(Beginning of Source data)

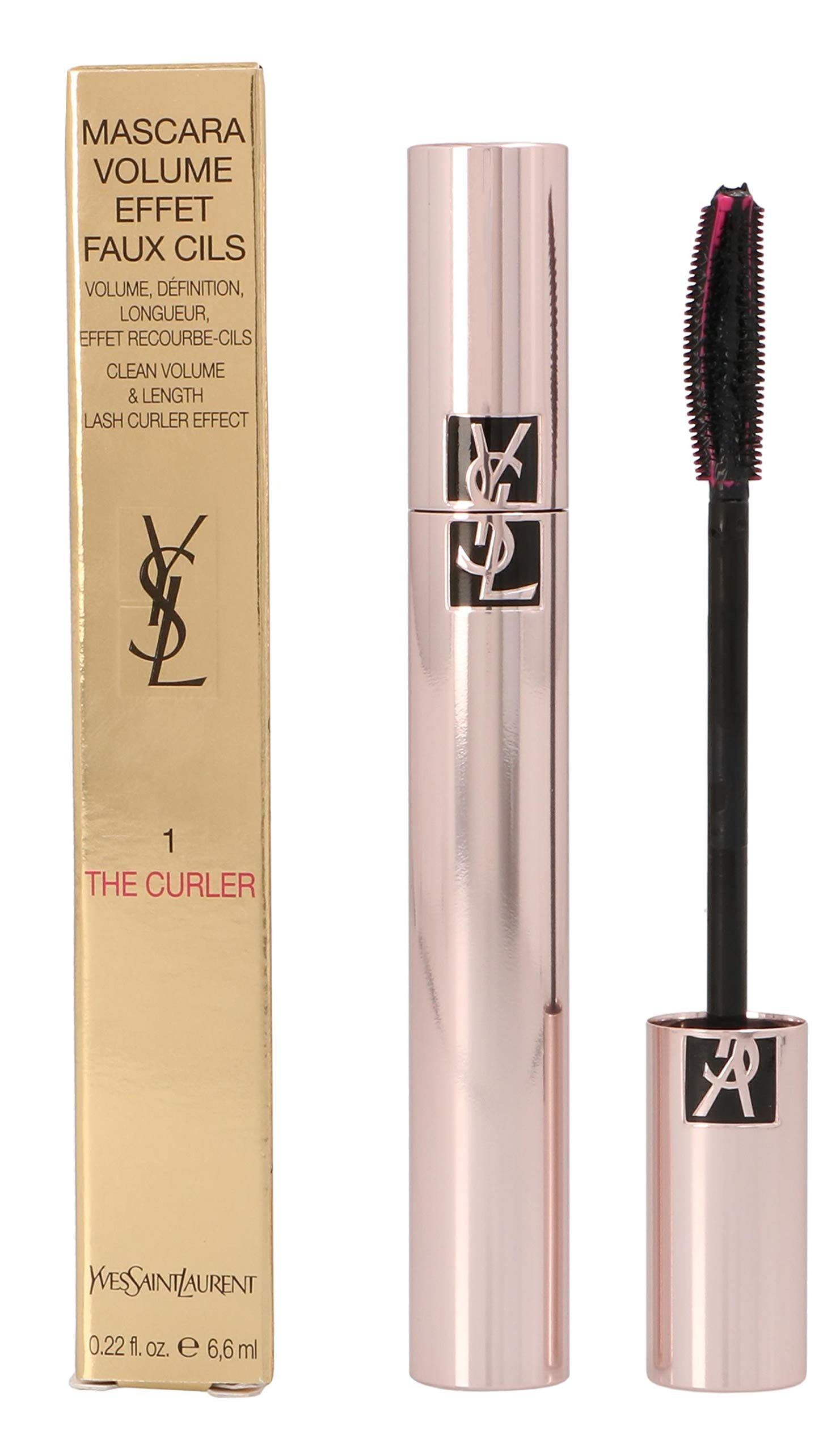 Mascara-Tube, Bürste und Verpackung. Goldfarbene Verpackung mit Text. Rosa-goldfarbenes Gehäuse mit YSL-Logo. Schwarze Bürste mit pinkfarbenen Borsten.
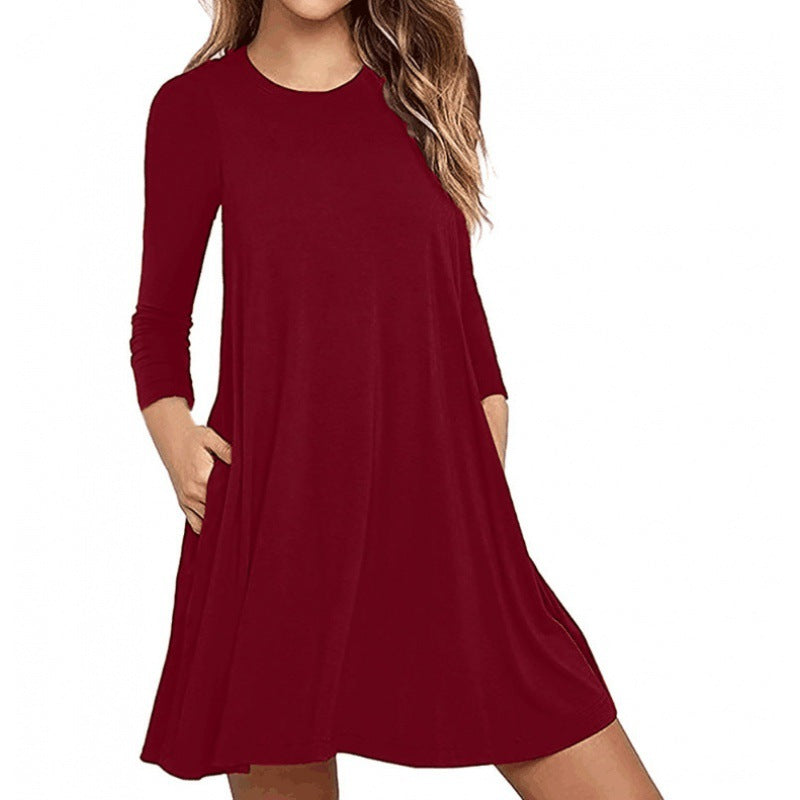 Damen Freizeitkleid Rundhals mit Taschen Norvielle
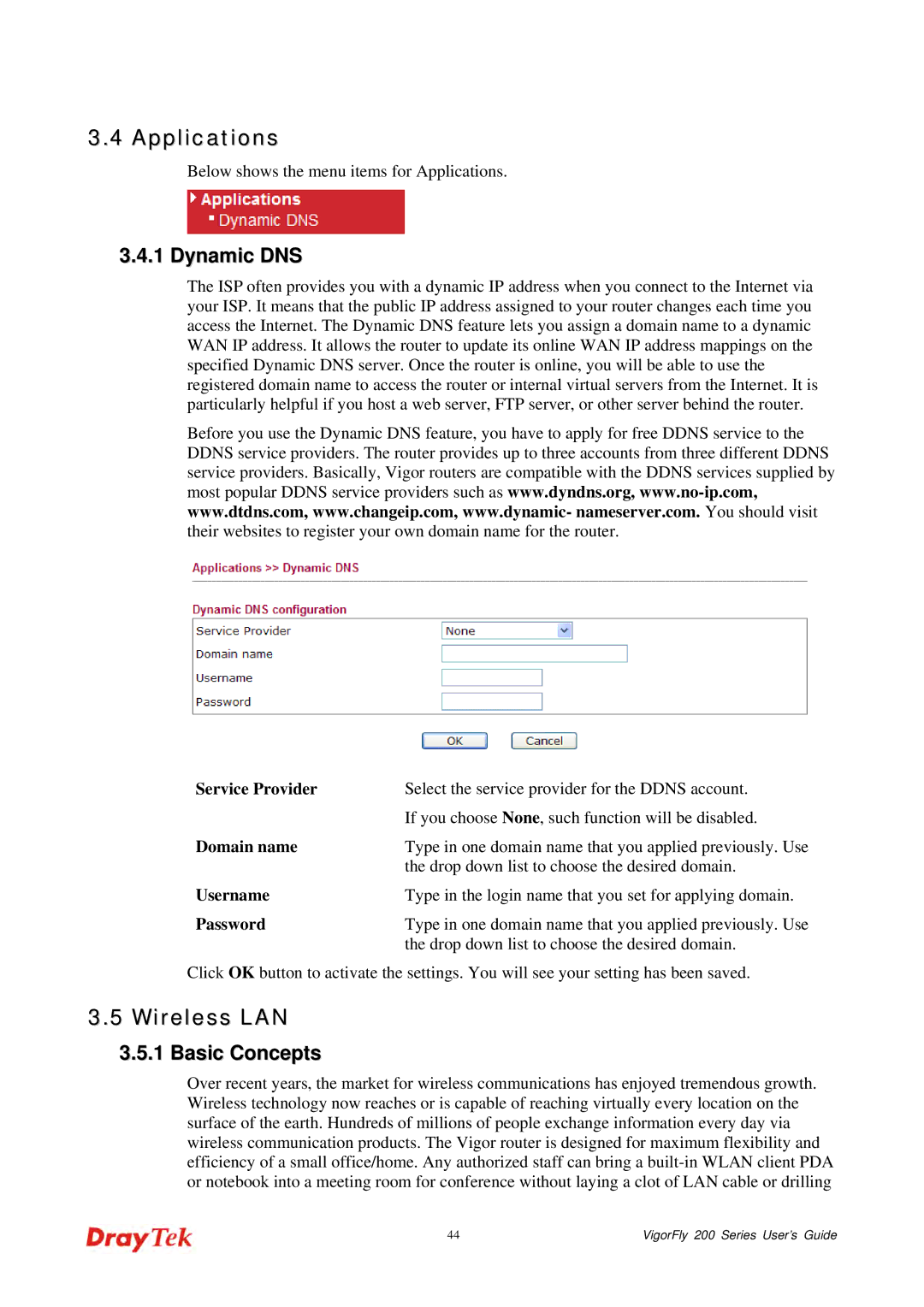 Draytek 200 manual Applications, Wireless LAN, Dynamic DNS, Basic Concepts 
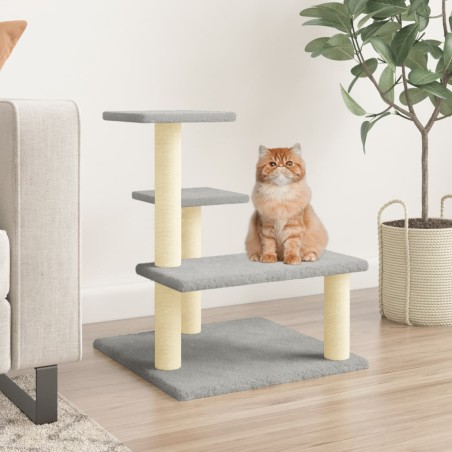 vidaXL Rascador para gatos con postes de sisal gris claro 61 cm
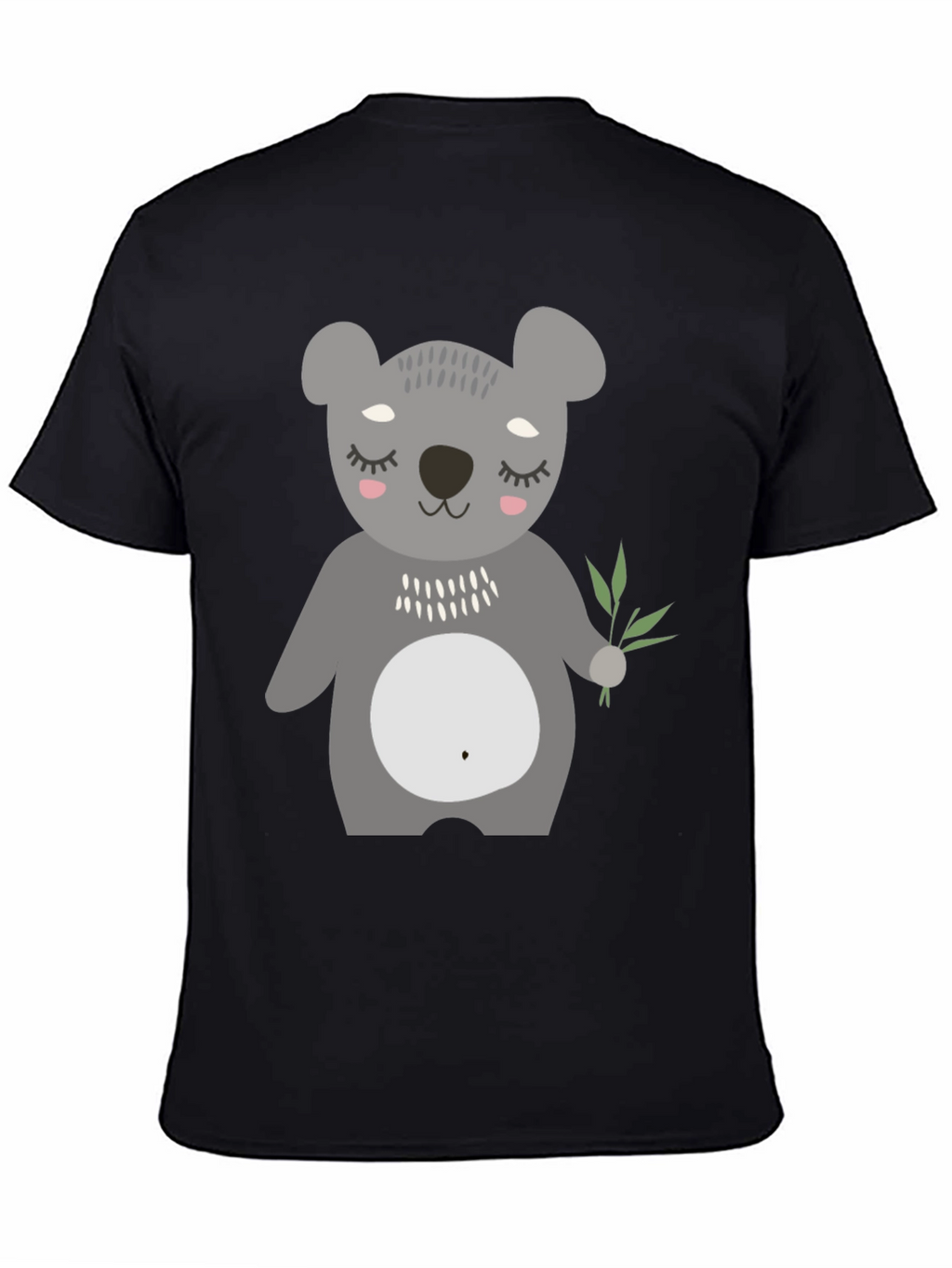 Cute Koala Bear Graphic Black T-Shirt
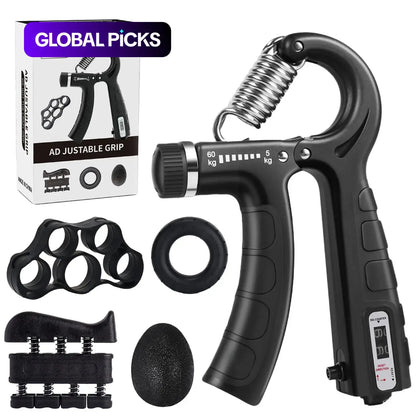 Hand Grip Strengthener Kit 5 Pack Adjustable Finger Forearm Hand Exerciser | Adjustable Grip Trainer, Finger Stretcher & Stress Ball Set for Strength Training & Hand Exercises Strength Training Equipment
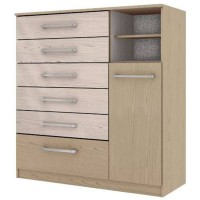COMODA 6 GAVETAS 01 PORTA 02 PRATELEIRAS ALTO BRILHO UV MDP/MDF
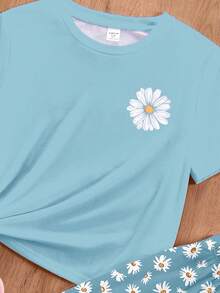 Boho Style Daisy Floral Print, Tween Girls Casual Minimalist Round Neck Short Sleeve T-Shirt And Loose Pants Pajama Set, Suitable For Summer - Multicolor - View 4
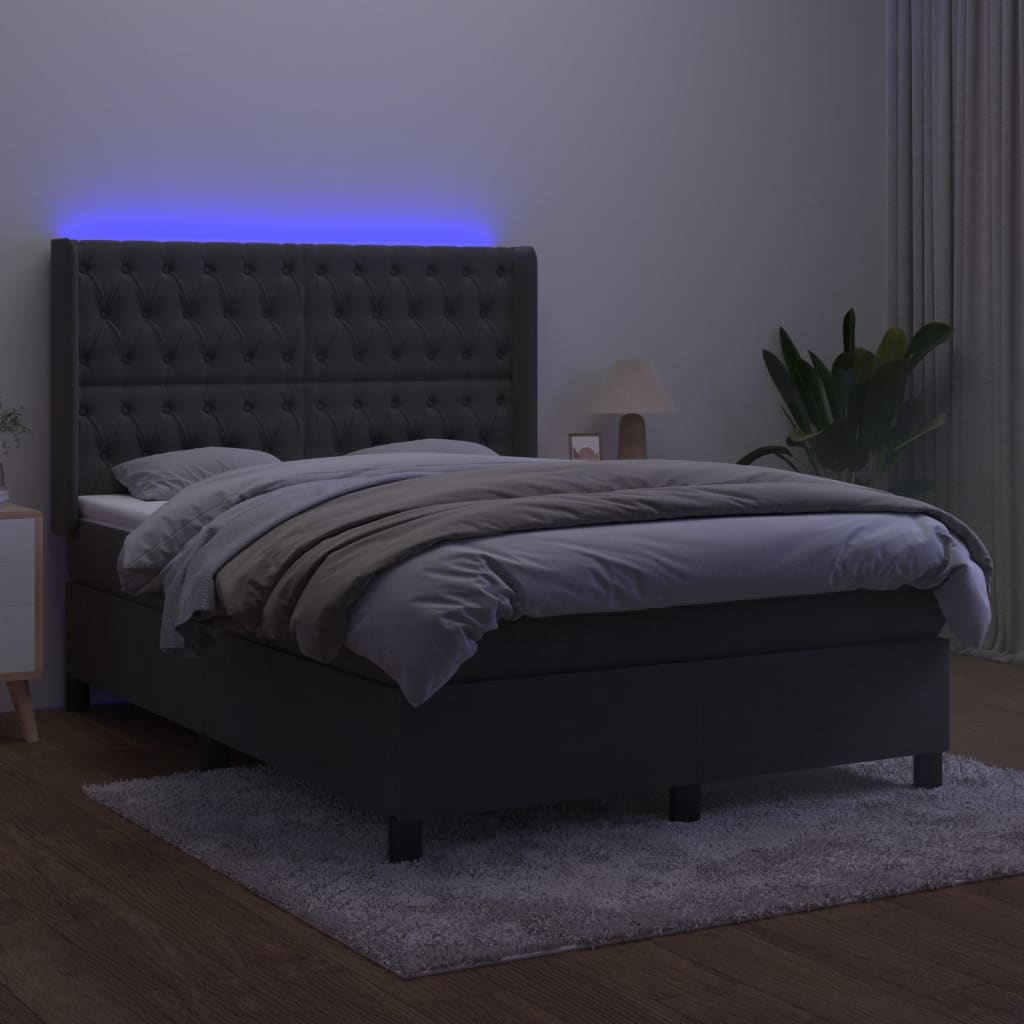 kontinentalseng med LED-lys 140x190 cm fløjl mørkegrå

(End of Source data)

What you have to do
Reproduce each line above exactly, but not a single picture.

Result below
 Mascara-Tube, Bürste und Verpackung. Goldfarbene Verpackung mit Text. Rosa-goldfarbenes Gehäuse mit YSL-Logo. Schwarze Bürste mit pinkfarbenen Borsten.
 Damen Freizeitkleid Rundhals mit Taschen Norvielle
 Draytek 200 manual Applications, Wireless LAN, Dynamic DNS, Basic Concepts 
 vidaXL Rascador para gatos con postes de sisal gris claro 61 cm
 Cute Koala Bear Graphic Black T-Shirt
 Hand Grip Strengthener Kit 5 Pack Adjustable Finger Forearm Hand Exerciser | Adjustable Grip Trainer, Finger Stretcher & Stress Ball Set for Strength Training & Hand Exercises Strength Training Equipment
COMODA 6 GAVETAS 01 PORTA 02 PRATELEIRAS ALTO BRILHO UV MDP/MDF
 Boho Style Daisy Floral Print, Tween Girls Casual Minimalist Round Neck Short Sleeve T-Shirt And Loose Pants Pajama Set, Suitable For Summer - Multicolor - View 4
 kontinentalseng med LED-lys 140x190 cm fløjl mørkegrå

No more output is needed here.